# Umbra FishHotel



## Queen Zenobia (Jan 17, 2012)

Hi,

Does any one know anything about this aquarium? I always think it looks cool, but I do not understand how it works.

http://www.amazon.com/Umbra-460410-...m/dp/B0033FGDRS/ref=pd_sim_sbs_petsupplies_13

Thanks,

Queen Zeno


----------



## Leeniex (Aug 14, 2011)

I don't know how it works but it's under a gallon according to the reviews.


----------



## Olympia (Aug 25, 2011)

Under a gallon is bad.. 
Also they advertise them as stackable. I don't see how that works unless those top two panels have no glass.


----------



## Foisair (Aug 3, 2011)

I've looked at one in person. The two long "windows" on top are above the glass and more like handles. It's just a glas cube that fits in a plastic cube with windows. If you look at the other pictures Amazon has, you can see how they stack. It's a neat idea. But they are under 1 gallon. If they made them twice as big so you could heat them, that would be a great space saver for a lot of people I'm sure.


----------



## Kiere (May 9, 2011)

I actually have this tank, it is a little over a gallon but after decor, filter and heater it is about a gallon. I have mine heavily planted with Hornwort, wysteria, moss ball and vals. Because of the plants, and bio filter I only have to do 1-2 25-50% weekly water changes. It is still a lot of up keep in comparison to a 2-3 gallon tank with the same amount of stuff. 

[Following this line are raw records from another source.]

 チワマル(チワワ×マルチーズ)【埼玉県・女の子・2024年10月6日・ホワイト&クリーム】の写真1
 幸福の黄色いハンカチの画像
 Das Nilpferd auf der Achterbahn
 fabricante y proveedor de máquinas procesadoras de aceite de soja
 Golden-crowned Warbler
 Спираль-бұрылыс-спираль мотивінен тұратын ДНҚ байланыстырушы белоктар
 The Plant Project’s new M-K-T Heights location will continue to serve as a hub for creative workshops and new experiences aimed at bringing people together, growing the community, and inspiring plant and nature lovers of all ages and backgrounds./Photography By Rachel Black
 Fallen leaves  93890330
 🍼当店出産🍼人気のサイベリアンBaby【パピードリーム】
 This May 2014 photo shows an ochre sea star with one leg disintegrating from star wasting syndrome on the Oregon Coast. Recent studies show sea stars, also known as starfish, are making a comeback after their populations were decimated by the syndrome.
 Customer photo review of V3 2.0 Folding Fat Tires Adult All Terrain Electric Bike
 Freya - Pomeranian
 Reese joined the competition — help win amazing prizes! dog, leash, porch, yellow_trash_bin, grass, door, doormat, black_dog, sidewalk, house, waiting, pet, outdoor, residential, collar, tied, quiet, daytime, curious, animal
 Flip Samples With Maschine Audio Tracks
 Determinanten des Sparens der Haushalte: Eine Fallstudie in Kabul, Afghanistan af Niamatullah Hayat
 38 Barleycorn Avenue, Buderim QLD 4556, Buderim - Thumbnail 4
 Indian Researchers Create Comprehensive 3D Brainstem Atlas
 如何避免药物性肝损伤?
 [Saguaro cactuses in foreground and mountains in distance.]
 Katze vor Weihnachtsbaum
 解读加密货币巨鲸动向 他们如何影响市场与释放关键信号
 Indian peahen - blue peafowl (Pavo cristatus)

I have also made a lot of mods.. the handles I have sealed off because if you keep the tank full it you could easily have a jumper, made a plexi lid which helps stop water evaporation and keeps the GS from jumping. Here are some pictures of my set up..










In the end though, I do like the tank. The windows are really the best feature because the betta actually plays in the windows, as you can see from the pictures. It is compact so it fits on my desk perfectly.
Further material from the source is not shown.